8. Did the author tested the machine learning model on a section of road that never included in the training data set? Ideally, the verification test need to use the data that are not used in training models in order to truly justify the validation of the method. If the author has done that, please emphasis to take the credit. Otherwise, it is OK to not mentioning it.
Author Response
Please see the file attached!
Author Response File: Author Response.pdf
Round 2
Reviewer 1 Report
The author has done a good job with the revisions. In addition, I have a few remaining further questions/remarks.

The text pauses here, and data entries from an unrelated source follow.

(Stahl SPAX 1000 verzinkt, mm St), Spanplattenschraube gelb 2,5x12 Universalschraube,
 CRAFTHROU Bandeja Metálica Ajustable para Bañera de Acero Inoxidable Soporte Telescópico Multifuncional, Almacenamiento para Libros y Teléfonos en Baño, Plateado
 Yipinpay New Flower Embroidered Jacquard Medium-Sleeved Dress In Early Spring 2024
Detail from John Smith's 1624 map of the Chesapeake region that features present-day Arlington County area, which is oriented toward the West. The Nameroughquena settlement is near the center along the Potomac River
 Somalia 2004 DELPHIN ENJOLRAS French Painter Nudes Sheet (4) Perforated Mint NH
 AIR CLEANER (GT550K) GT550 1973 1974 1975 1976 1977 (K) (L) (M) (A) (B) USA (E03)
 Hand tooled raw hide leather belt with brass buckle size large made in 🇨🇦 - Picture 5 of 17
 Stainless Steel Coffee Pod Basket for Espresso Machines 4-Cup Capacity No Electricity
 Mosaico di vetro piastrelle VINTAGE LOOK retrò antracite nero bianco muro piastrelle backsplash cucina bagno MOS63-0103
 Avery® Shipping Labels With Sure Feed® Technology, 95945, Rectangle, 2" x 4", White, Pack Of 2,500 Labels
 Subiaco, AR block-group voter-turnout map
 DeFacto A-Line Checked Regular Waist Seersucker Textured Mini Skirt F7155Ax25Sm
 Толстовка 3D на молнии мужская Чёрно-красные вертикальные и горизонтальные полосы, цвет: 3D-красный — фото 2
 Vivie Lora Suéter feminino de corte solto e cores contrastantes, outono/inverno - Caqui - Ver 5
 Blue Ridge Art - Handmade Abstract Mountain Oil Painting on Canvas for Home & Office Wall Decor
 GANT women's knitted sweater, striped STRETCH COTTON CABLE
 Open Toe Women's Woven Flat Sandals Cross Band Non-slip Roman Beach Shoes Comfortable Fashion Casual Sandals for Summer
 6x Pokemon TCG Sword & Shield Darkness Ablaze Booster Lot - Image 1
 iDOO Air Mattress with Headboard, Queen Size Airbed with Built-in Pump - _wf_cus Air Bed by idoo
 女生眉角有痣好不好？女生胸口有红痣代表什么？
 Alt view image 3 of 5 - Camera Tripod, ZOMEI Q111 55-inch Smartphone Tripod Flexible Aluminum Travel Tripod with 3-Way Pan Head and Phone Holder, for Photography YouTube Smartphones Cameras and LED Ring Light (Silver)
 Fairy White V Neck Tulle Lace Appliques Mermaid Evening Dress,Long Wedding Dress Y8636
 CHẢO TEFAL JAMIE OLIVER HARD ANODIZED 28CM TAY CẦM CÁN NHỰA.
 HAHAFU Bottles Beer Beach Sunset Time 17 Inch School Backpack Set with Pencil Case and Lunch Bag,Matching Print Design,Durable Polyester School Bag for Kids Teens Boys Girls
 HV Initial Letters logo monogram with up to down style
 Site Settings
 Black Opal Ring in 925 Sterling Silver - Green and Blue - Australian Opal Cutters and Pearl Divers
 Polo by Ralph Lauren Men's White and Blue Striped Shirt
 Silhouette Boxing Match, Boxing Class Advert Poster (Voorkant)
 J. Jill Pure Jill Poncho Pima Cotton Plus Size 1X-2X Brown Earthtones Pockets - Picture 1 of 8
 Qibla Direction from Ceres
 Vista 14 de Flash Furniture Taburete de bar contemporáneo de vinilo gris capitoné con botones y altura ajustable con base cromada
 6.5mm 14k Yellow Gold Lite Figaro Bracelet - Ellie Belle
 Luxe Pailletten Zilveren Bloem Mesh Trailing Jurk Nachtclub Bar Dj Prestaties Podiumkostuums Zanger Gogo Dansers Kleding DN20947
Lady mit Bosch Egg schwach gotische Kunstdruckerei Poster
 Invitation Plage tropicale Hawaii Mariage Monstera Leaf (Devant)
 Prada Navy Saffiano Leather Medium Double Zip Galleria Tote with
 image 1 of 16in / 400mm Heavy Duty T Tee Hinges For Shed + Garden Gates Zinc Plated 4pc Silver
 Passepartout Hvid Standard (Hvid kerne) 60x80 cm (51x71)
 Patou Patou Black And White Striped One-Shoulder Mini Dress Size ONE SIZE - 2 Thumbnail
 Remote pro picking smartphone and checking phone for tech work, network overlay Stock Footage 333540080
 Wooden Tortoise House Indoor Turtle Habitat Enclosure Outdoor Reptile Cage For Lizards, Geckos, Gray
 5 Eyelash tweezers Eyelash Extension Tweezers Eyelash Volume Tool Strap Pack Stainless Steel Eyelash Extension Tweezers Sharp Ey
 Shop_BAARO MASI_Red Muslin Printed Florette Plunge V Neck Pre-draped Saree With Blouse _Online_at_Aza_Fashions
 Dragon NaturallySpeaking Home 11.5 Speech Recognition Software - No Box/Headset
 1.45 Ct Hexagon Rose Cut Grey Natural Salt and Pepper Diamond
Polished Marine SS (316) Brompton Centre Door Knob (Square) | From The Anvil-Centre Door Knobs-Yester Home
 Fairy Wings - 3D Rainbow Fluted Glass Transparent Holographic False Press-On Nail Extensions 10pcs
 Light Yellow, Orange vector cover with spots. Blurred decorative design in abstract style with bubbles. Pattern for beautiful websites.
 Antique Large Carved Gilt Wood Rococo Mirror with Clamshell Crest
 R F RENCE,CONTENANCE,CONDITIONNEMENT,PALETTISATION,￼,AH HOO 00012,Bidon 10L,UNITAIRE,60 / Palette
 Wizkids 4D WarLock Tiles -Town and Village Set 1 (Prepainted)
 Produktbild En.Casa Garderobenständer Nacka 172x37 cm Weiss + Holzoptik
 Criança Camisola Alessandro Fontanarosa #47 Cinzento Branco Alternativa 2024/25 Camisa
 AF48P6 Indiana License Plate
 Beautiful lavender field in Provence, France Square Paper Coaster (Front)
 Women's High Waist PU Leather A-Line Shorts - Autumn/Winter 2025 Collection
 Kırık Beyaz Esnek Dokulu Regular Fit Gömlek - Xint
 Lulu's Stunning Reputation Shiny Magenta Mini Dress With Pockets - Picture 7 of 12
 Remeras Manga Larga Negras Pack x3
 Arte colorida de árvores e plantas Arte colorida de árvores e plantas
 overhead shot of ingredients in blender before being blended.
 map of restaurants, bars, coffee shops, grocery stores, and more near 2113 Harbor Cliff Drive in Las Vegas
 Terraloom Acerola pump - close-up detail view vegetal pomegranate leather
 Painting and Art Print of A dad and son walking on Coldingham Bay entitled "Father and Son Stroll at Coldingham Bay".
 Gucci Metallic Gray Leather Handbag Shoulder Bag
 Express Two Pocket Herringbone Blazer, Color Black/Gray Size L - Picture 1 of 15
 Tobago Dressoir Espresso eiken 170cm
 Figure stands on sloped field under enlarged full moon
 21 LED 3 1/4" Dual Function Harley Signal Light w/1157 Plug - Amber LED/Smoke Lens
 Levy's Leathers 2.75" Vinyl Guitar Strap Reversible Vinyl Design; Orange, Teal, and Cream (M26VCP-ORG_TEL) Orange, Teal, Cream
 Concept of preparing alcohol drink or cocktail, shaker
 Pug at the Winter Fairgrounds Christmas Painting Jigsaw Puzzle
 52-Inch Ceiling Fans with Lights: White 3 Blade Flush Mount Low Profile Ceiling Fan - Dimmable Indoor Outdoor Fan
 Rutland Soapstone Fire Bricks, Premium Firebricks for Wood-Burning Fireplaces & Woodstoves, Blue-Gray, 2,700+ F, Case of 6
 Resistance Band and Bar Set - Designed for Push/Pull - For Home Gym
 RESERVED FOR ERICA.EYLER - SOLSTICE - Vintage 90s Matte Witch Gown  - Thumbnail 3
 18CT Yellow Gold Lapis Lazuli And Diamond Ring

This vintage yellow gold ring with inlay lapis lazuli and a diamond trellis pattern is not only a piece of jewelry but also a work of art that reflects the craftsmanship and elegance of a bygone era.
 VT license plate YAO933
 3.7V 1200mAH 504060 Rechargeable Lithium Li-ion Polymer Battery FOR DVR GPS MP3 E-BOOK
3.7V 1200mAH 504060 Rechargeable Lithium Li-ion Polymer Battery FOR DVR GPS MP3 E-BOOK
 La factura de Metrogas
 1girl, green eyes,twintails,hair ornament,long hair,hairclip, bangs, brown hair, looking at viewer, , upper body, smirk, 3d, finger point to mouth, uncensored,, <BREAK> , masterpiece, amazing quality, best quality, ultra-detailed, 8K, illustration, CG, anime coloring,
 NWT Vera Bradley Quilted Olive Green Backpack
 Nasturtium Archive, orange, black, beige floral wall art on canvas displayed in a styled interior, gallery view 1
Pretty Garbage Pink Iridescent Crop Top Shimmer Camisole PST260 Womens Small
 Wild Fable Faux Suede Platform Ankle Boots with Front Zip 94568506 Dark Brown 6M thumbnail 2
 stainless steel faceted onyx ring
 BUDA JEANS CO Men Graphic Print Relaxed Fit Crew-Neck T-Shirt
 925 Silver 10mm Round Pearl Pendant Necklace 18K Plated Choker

1. In Introduction: This manuscript should further add some articles and will be of interest to many, such as:
a) Automatic Detection of Pothole Distress in Asphalt Pavement Using Improved Convolutional Neural Networks, https://doi.org/10.3390/rs14163892
b) Real-Time Road Pothole Mapping Based on Vibration Analysis in Smart City, https://doi.org/ 10.1109/JSTARS.2022.3200147
c) Road damage detection using UAV images based on multi-level attention mechanism, https://doi.org/10.1016/j.autcon.2022.104613
2. Please check the picture quality again to meet the publication requirements.
Author Response
Point 1: 1. In Introduction: This manuscript should further add some articles and will be of interest to many, such as:
- a) Automatic Detection of Pothole Distress in Asphalt Pavement Using Improved Convolutional Neural Networks, https://doi.org/10.3390/rs14163892
- b) Real-Time Road Pothole Mapping Based on Vibration Analysis in Smart City, https://doi.org/ 10.1109/JSTARS.2022.3200147
- c) Road damage detection using UAV images based on multi-level attention mechanism, https://doi.org/10.1016/j.autcon.2022.104613
Response 1: Thanks for your insightful comment and the recommended articles. We have reviewed them carefully, they are indeed quite relevant. We have now incoporated them to our literature review. They can be found in the text at lines 234 to 241 and lines 253 to 255.
Point 2: Please check the picture quality again to meet the publication requirements.
Response 2: Thanks for your careful comment. We have checked the picture quality and they have met the publication requirements.